Par ailleurs, la coopération avec l'éducation nationale est un sujet qui me tient particulièrement à coeur, par exemple en matière de remplacement, d'accompagnement d'élèves en situation de handicap ou d'orientation. Comme me le faisait remarquer l'un de mes interlocuteurs, tous les élèves de l'enseignement agricole sont issus de l'éducation nationale. Quel regard portez-vous sur la coopération avec le ministère de l'éducation nationale ? Quelles perspectives souhaitez-vous lui donner ?
Enfin, j'ai été saisi, à plusieurs reprises, de la question du statut des directeurs d'établissement public, qui sont une des chevilles ouvrières de l'enseignement agricole. Si l'hypothèse d'un corps interministériel semble définitivement écartée, comment comptez-vous renforcer l'attractivité des fonctions de directeur d'établissement ?
Mon premier déplacement ministériel s'est déroulé dans plusieurs établissements : un lycée d'enseignement public, un lycée d'enseignement privé et une maison familiale rurale situés dans deux départements. La baisse du nombre d'élèves doit être enrayée. La communication sur les métiers de l'enseignement agricole est essentielle : les formations dispensées ne se limitent pas au seul métier d'agriculteur et préparent notamment aux métiers de services en milieu rural. Je partage votre constat quant à l'importance de la coopération avec l'éducation nationale pour l'orientation des élèves.
Le statut des directeurs d'établissement est essentiel. Si la création d'un corps spécifique destiné aux directeurs d'établissement a été refusée par le ministre en charge de l'action et des comptes publics, le projet d'un statut d'emploi rénové a été, l'année passée, élaboré en concertation avec les organisations syndicales. Ce projet, dont le ministère de l'action et des comptes publics a été saisi en août 2018, prévoit la création d'une grille indiciaire rénovée en fonction du protocole sur les parcours professionnels, les carrières et les rémunérations (PPCR) en vigueur pour les personnels de direction de l'éducation nationale.
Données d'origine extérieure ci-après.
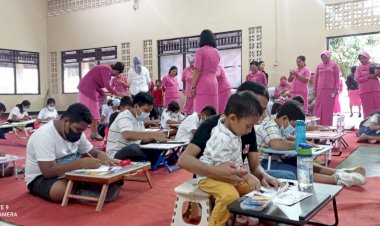 Cinta-Anak,-Bhayangkari-Cabang-Mabar-Gelar-Lomba-Mewarnai-dan-Manggambar-Jelang-HKGB-ke-70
La réponse du guichet unique devrait intervenir au cours des prochaines semaines. Conscient de l'importance de fournir des gages de reconnaissance aux directeurs, je suis favorable à ce qu'ils aient un statut.
Les États-généraux de l'alimentation ont suscité de réels espoirs au sein de la profession agricole, que la loi pour l'équilibre des relations commerciales dans le secteur agricole et alimentaire et une alimentation saine, durable et accessible à tous, dite « EGALIM » a très vite anéantis. L'attractivité des métiers agricoles représente un réel enjeu. Or, les attaques médiatiques récurrentes sur les pratiques agricoles et les agriculteurs nuisent considérablement à l'image du métier et à l'enseignement agricole. Comment comptez-vous, au sein de ce Gouvernement où les sensibilités sur l'agriculture peuvent diverger, revaloriser globalement l'enseignement agricole ?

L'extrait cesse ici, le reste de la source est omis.